Airbnb is valued at $25.5 Billion according to WSJ's Stock Tracker.
That means the startup unicorn is more valuable then Marriott and Hilton.
Airbnb has an awesome product (I'm writing this from an Airbnb in Oakland, CA, right now).
I've recently read a few articles that shed some light on a few growing pains and where some limiting factors may come in to the picture.
- Anyone having issues refinancing their Airbnb?
- Airbnb income: How it can mess with your mortgage refi
- Being an Airbnb Host Could Raise Your Interest Rate
Just read through the host comments and you'll see consistent refi issues.
What if Airbnb decided to offer financing options to hosts?
Here's three reasons why they should:
They already have a relationship with the hosts: and it’s probably way better than the relationship the hosts have with their bank. They've built a brand around trust in the community, communicate with them more often and truly understand their value. It's core to them. It could be a natural switch to go from market-maker to all-in-one platform. In short, Hosts would trust Airbnb to not screw them over.
They have all the data: about which properties rent the best in what area, the rates they rent at (cashflow), credit-worthiness tied to their ratings (25 ratings of 5+ means it’s an exceptional borrower, for instance). And much, much more. I actually think that their underwriting analysis metrics could be more accurate than traditional lending structures. Social Finance has proven that.
It would be good for the network. Hosts aren't able to keep an Airbnb operation going without funding. Airbnb wants more listings, hence their growth will be limited unless they do something about it.

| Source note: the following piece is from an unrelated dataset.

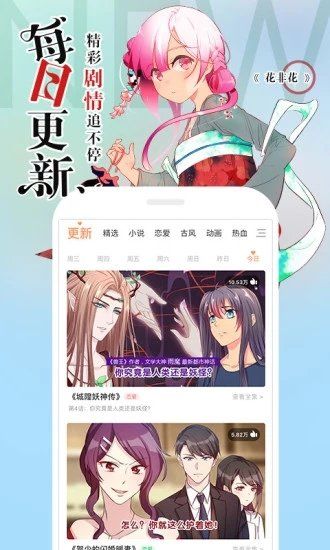 弱点漫画下拉式书漫屋截图2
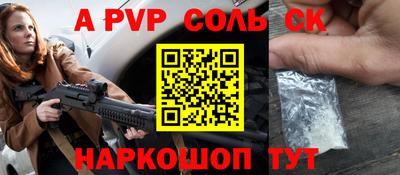 ALPHA PVP Магнитогорск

There are many reasons why they won't do this: It's not a core competency and the business is different.
My argument is that it's not much of a change from a business standpoint to flip a funding switch. The challenges I see are mostly regulatory and compliance driven.
Current options from traditional funding structures are limiting and that probably won't change anytime soon.
There is an opportunity for an enlightened and well-positioned company to meet market demands (this goes for Tiny Homes too, which is another market that banks are scared to death of).
Banks think they don’t need the business. It's myopic in my view, but having worked for a Bank for 7-years I know: they don't understand it and mostly they don't care enough.
Banks are undervaluing the asset because they don't feel they can rely on the cashflow, they're scared of insurance and taxes and other legalities; and there's enough business out there for them that they don't need to try and understand it.
But the plethora of market refinance options won't last forever.
The most likely scenario (or at least fastest) if Airbnb were to get into this market, would be to partner with an established banking partner. It would get their foot in the door and they can leverage the partner's banking charter.
We'll see, maybe they're already doing this, maybe they never will. I know for me, if I ever decided to become an Airbnb host then I would be looking for an enlightened lender - and those are unicorns in a different sense.